Now in the psychological research, we have the first experimental evidence that forgetting may be caused by BOTH decay and interference.
In a clever experiment, published just this month, Talya Sadeh, Jason Ozubko, Gordon Winocur, and Morris Moscovitch found evidence for both interference and decay.
Their research appears to be inspired, at least partially, by neuroscience findings. Here's what the authors say:
"Two approaches have guided current thinking regarding the functional distinction between hippocampal and extrahippocampal memories. The first approach maintains that the hippocampus supports a mnemonic process termed recollection, whereas extrahippocampal structures, especially the perirhinal cortex, support a process termed familiarity... Recollection is a mnemonic process that involves reinstatement of memory traces within the context in which they were formed. Familiarity is a mnemonic process that manifests itself in the feeling that a studied item has been experienced, but without reinstating the original context." (p. 2)
To be clear, this was NOT a neuroscience experiment. They did not measure brain activity in any way. They measured behavioral findings only.
In their experiment, they had people engage in a word-recognition task and then gave them either (1) another word-learning task, (2) a short music task, or (3) a long music task. The first group's word-learning task was designed to create the most interference. The longer music task was designed to create the most decay (because it took longer).
The results of the experiment were consistent with the researcher's hypotheses. They claimed to have found evidence for both decay and interference.
Caveats
Every scientific experiment has caveats. Usually these are pointed out by the researchers themselves. Often, it takes an outside set of eyes to provide caveats.
Did the researchers prove, beyond the shadow of a doubt, that forgetting has two causes? Short answer: No! Did they produce some interesting findings? Maybe!
My big worry from a research-design perspective is that their manipulation distinguishing between recollection and familiarity is somewhat dubious, seemingly splitting hairs in the questions they ask the learners. My big worry from a practical learning-design perspective is that they are using words as learning materials. First, most important learning situations utilize more complicated materials. Second, words are associative by their very nature -- thus more likely to react to interference than typical learning materials.
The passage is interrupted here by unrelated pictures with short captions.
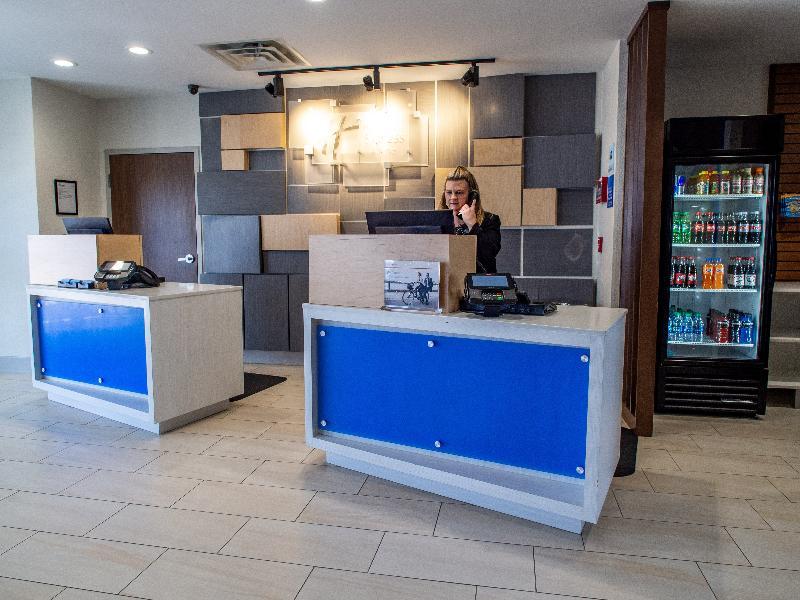 Holiday Inn Express & Suites - Oklahoma City Airport By Ihg Exterior photo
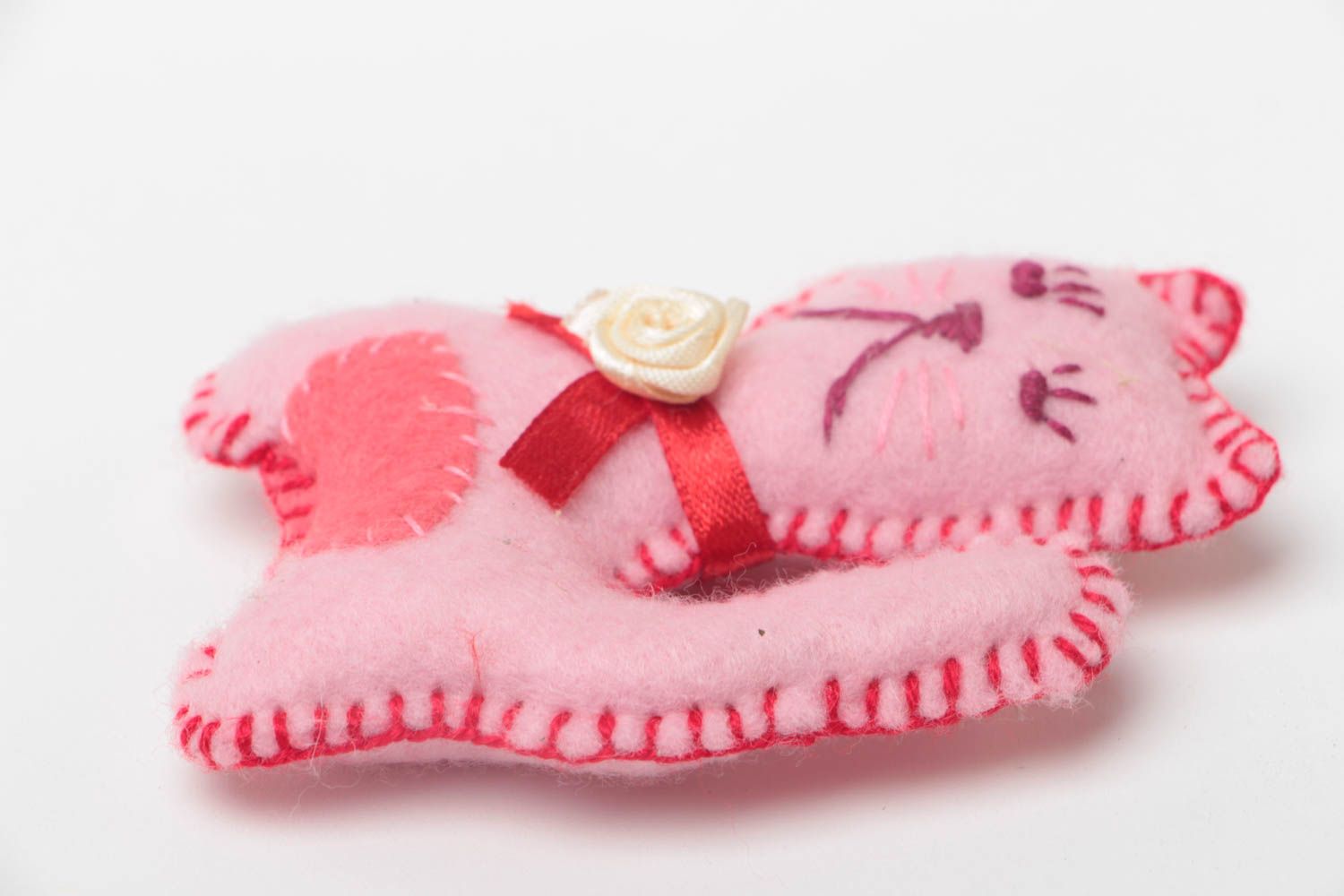 Petite peluche en feutre rose faite main originale en forme de chat pour enfant photo 3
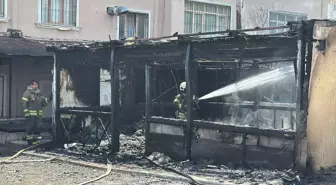 Esenyurt'ta Öğrenci Yurdu Bahçesinde Yangın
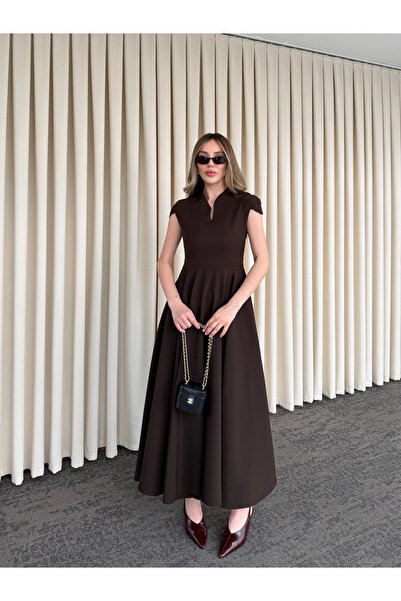 Laluvia Καφέ Μίνι Φόρεμα με V-λαιμόκοψη - 242480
Third, the final "test" of learning was a recognition-memory task that involved learners determining whether they remembered seeing the words before -- again, not very relevant to practical learning situations.
Practical Ramifications for Learning Professionals
Since there are potential experimental-design issues, particularly from a practical standpoint, it would be an extremely dubious enterprise to draw practical ramifications. Let me be dubious then (because it's fun, not because it's wise). If the researchers are correct, that memories that are context-based are less likely to be subject to interference effects; we might want to follow the general recommendation -- often made today by research-focused learning experts -- to provide learners with realistic practice using stimuli that have contextual relevance. In short, teach "if situation--then action" rather than teaching isolated concepts. Of course, we didn't need this experiment to tell us that. There is a ton of relevant research to back this up. For example, see The Decisive Dozen research review.
Beyond the experimental results, the concepts of delay and interference are intriguing in and of themselves. We know people tend to slide down a forgetting curve. Perhaps from interference, perhaps from decay. Indeed, as the authors say, "it is important to note that interference and decay are inherently confounded."
Research
The experiment:
Sadeh, T., Ozubko, J. D., Winocur, G., & Moscovitch. M. (2016) Forgetting patterns differentiate between two forms of memory representation. Psychological Science OnlineFirst, published on May 6, 2016 as doi:10.1177/0956797616638307.
The research review:
Sadeh, T., Ozubko, J. D., Winocur, G., & Moscovitch, M. (2014). How we forget may depend on how we remember. Trends in Cognitive Sciences, 18, 26–36.